A black hole’s lunch provides a treat for astronomers

By Dennis Overbye

Astronomers announced late last month that they had discovered something out in the dark: a stellar corpse too heavy to be a neutron star — the remnant of a supernova explosion — but not heavy enough to be a black hole.

Whatever it once was, it is long gone. About 780 million years ago — and 780 million light-years away — it was eaten by a black hole 23 times more massive than the sun. That f east left behind an even heavier black hole — a vast, hungry nothing with the mass of 25 suns.

News of the event only recently reached Earth, in space-time ripples known as gravitational waves.
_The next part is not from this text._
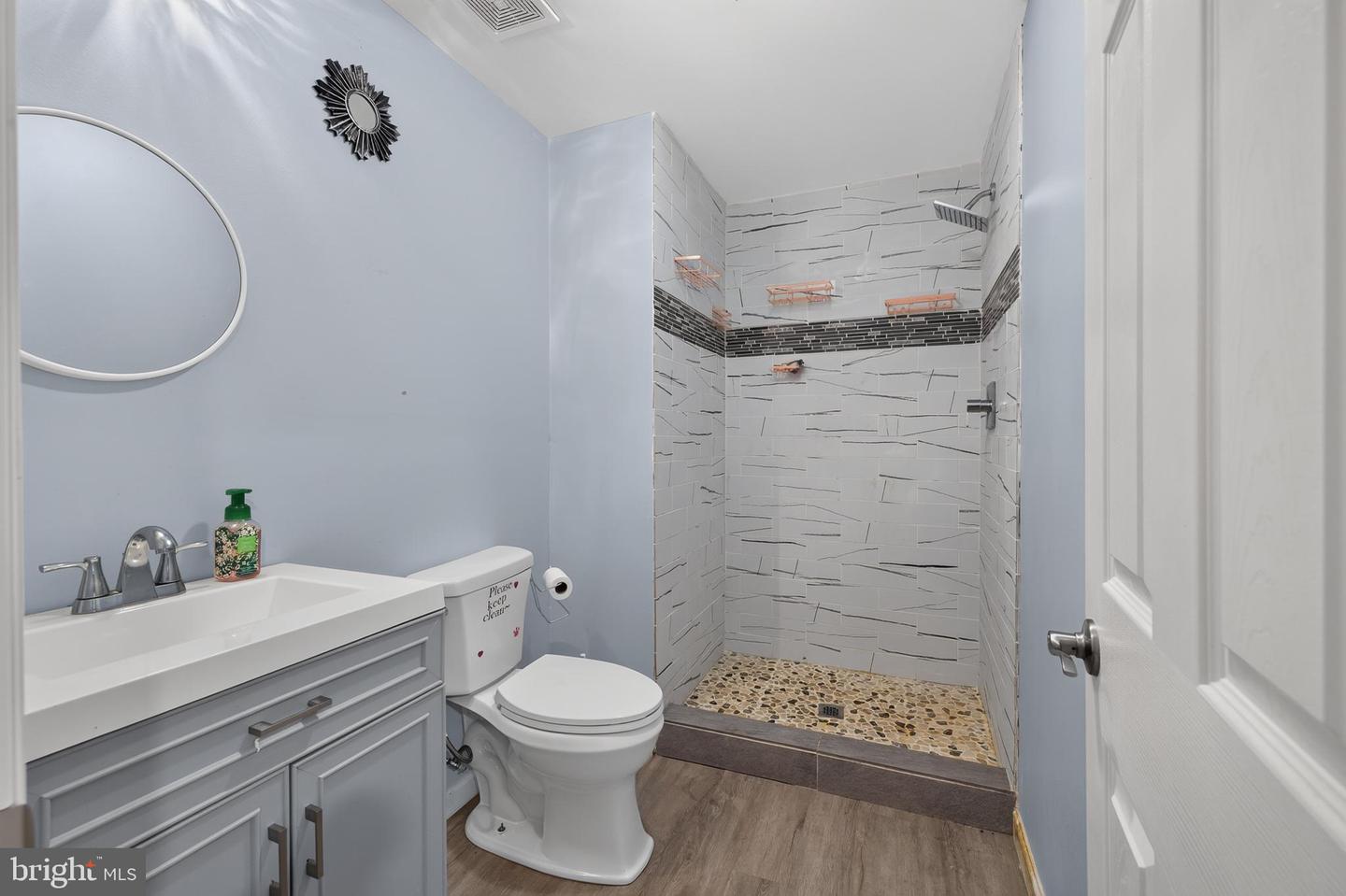 1142 E Founds St E Property Photo 49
These evanescent vibrations were felt on Aug. 14, 2019, by an array of antennas in Italy and the United States called the International LIGO-Virgo Collaboration; the results were published in Astrophysical Journal Letters.
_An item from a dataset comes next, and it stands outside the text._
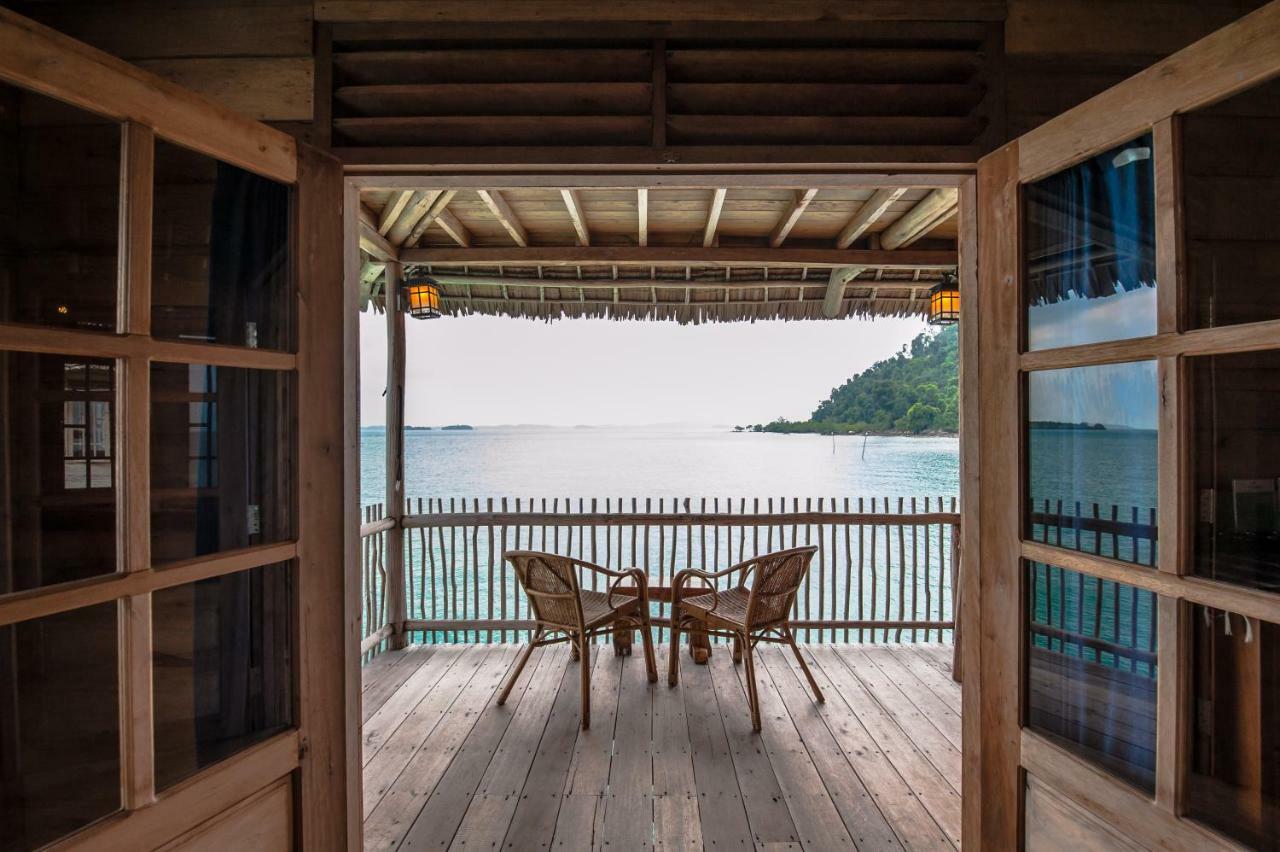 Telunas Beach Resort Sugi ภายนอก รูปภาพ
According to a theory that has been the backbone of decades of astrophysical excitement, a star can wind up in one of three final states, depending on its mass: a perpetually cooling cinder known as a white dwarf; a dense star, with the mass of a couple of suns compressed into a ball only 12 or so miles wide, known as a neutron star; or a black hole, a beast reluctantly predicted by Albert Einstein to be so dense that nothing, not even light, can escape its gravity.

The victim in this collision weighed in at 2.6 solar masses, according to the LIGO-Virgo calculations. That is heavier than the accepted limit of 2.5 suns for a neutron star. But the lightest black hole ever measured was about five solar masses.

So the mystery object lies squarely in what astrophysicists call the “mass gap.” Astronomers have long wondered what, if anything, could occupy this astronomical no-man’s land.

“We’ve been waiting decades to solve this mystery” Vicky Kalogera of Northwestern University, one of the main authors of the paper, said in an interview. “We don’t know if this object is the heaviest known neutron star or the lightest known black hole, but either way it breaks a record.”

She added: “If it’s a neutron star, it’s an exciting neutron star. If it’s a black hole, it’s an exciting black hole.”

In a statement issued by the Science and Technology Facilities Council in Britain, Charlie Hoy, a graduate student at Cardiff University and Kalogera’s co-author, said, “I did not believe the alert when I first saw it come through.”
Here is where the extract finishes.